Public authorities use different means to render the right to access information effective. Logically, the first consists of passing laws that establish the terms and conditions for applying this right, for example by mandating the automatic publication of government documents, or, for those entities holding information, its transmission to the persons requesting it.
Furthermore, when persons requesting access to information consider themselves deprived of their right, the laws prescribe the right to appeal decisions that deny this right of access. To this end, they first require the entity obligated to provide the information to review its own decisions through an administrative appeal process (for reconsideration or to a higher body). They then entrust this review to the competent judicial authority or another institution, which may carry out this mission by itself or in conjunction with others.
The concept of access to information involves at least two, distinct functional realities: the obligation for the persons involved to communicate the information they possess, and the obligation to protect personal data during its collection, processing, and preservation.
These functions are exercised with varying degrees of specialisation in OECD countries. Some IGAIs, like the French, Italian, and Portuguese Commissions for Accessing Government Documents, are essentially responsible for communicating information. The French National Commission on Informatics and Freedoms, the Italian Guarantor Authority for the Protection of Personal Data,7 and the Portuguese National Commission for the Protection of Data8 are specialised in protecting data. Other IGAIs, such as the Information Commissioners in the United Kingdom, Australia, carry out both of these missions at the same time. These two missions may be fulfilled by one sole body even in concomitance with other, very varied missions, as is the case with the Ombudsman’s Office in Northern European countries.
There is no provision of international law that expressly requires states to establish a body that ensures the right to access information. However, according to provisions of Inter-American law to which several OECD countries are subject, they are obligated to a general, positive action to protect the right to information.9 One of the most effective means of satisfying this obligation consists of creating an institution guaranteeing access to information. More specifically, in its 2002 Recommendation on access to official documents, the Council of Europe stated in Principle IX that: “1. An applicant whose request for an official document has been refused, whether in part or in full, or dismissed, or has not been dealt with within the time limit […] should have access to a review procedure before a court of law or another independent and impartial body established by law. 2. An applicant should always have access to an expeditious and inexpensive review procedure, involving either reconsideration by a public authority or review [...]”10. In its 2007 review of the right to access information within the region of its jurisdiction, the Organisation for Security and Cooperation in Europe also included within its analysis essential legal elements for the existence of a specific guarantor body, and it recommended the creation of such a body to all its member states.
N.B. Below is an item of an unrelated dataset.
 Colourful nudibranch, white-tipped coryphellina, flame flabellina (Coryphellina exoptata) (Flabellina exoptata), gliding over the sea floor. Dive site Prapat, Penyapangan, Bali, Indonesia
Experience generally shows that IGAIs play a fundamental role in promoting a culture of access to information, the general application of the right, the individual access of persons requesting the communication of certain pieces of information, and the evolution of this right. Consequently, in the last thirty years, a number of countries have adopted or improved their laws on the right to access information and established institutions responsible for ensuring their application.11
In this context, characterised by a significant growth of the right to access information in OECD member countries and some MENA region countries on one side, and by the growing role played by IGAIs among OECD member countries and the establishment of new IGAIs in certain MENA region countries on the other side, the OECD secretariat became more interested in the functioning of IGAIs, especially regarding the proactive communication of information and the requests for information held by entities obligated to communicate this information.
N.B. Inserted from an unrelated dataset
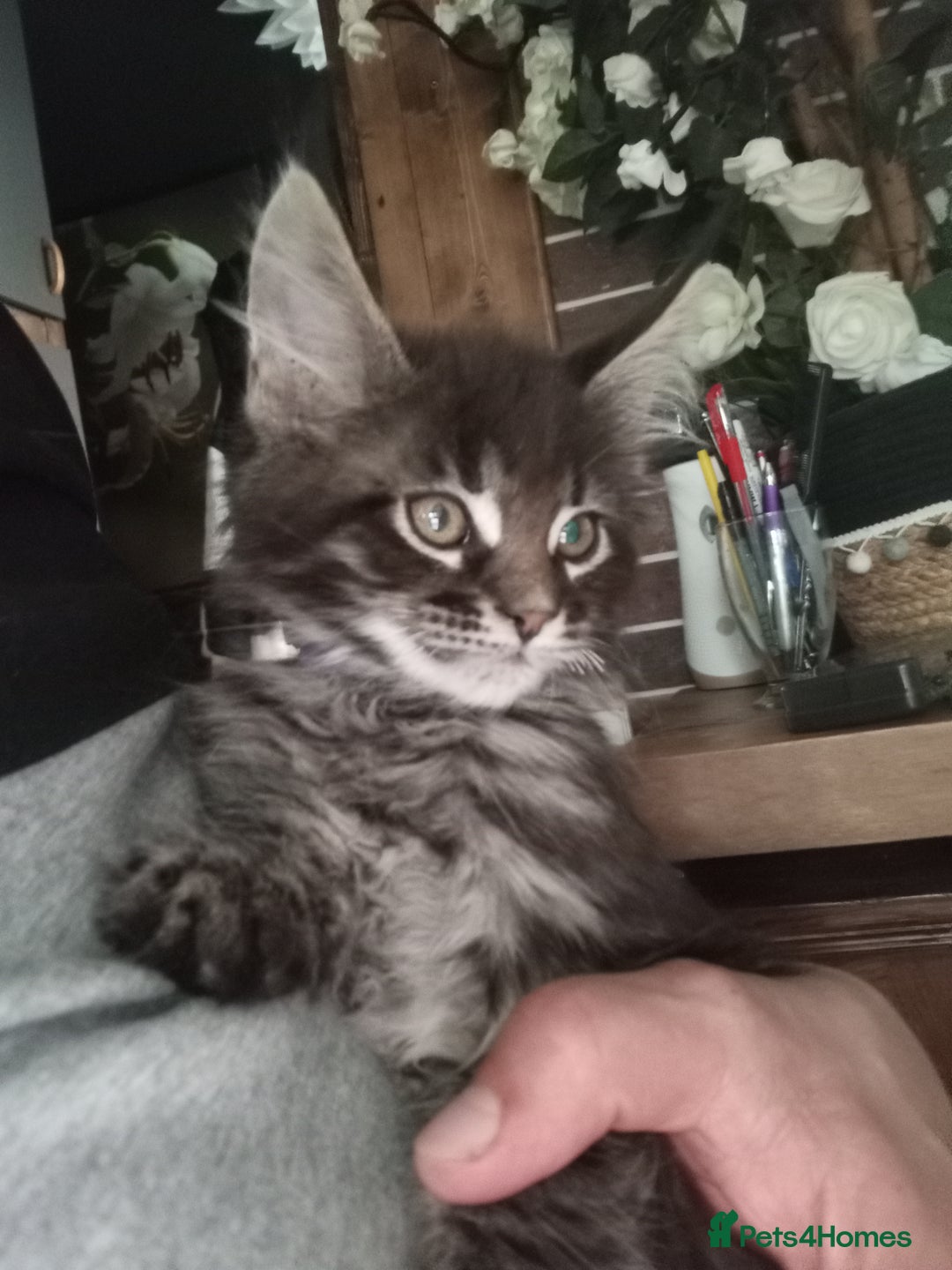 Maine Coon cats for sale: Maine coon purebred pedigre xl in Barnsley - Image 11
This report forms part of the OECD’s work on open government and the MENA-OECD Governance Programme, which has provided its support to MENA region countries since 2012 in the elaboration and implementation of public policies that promote transparency, stakeholder participation, and accountability in consultation with citizens and civil society. Access to information forms an integral part of the Open Government Partnership and is a condition for becoming a member. Jordan, Tunisia and Morocco have joined the Open Government Partnership, and Lebanon intents to join.
The first part of this report examines the status of IGAIs in OECD member countries, based on examples and with an emphasis on proactive disclosure and information requests. The second part presents the case of Jordan, which has the oldest legislation on the right to information in the region, and Tunisia, Lebanon, and Morocco, which have recently adopted or amended their legislation in this domain.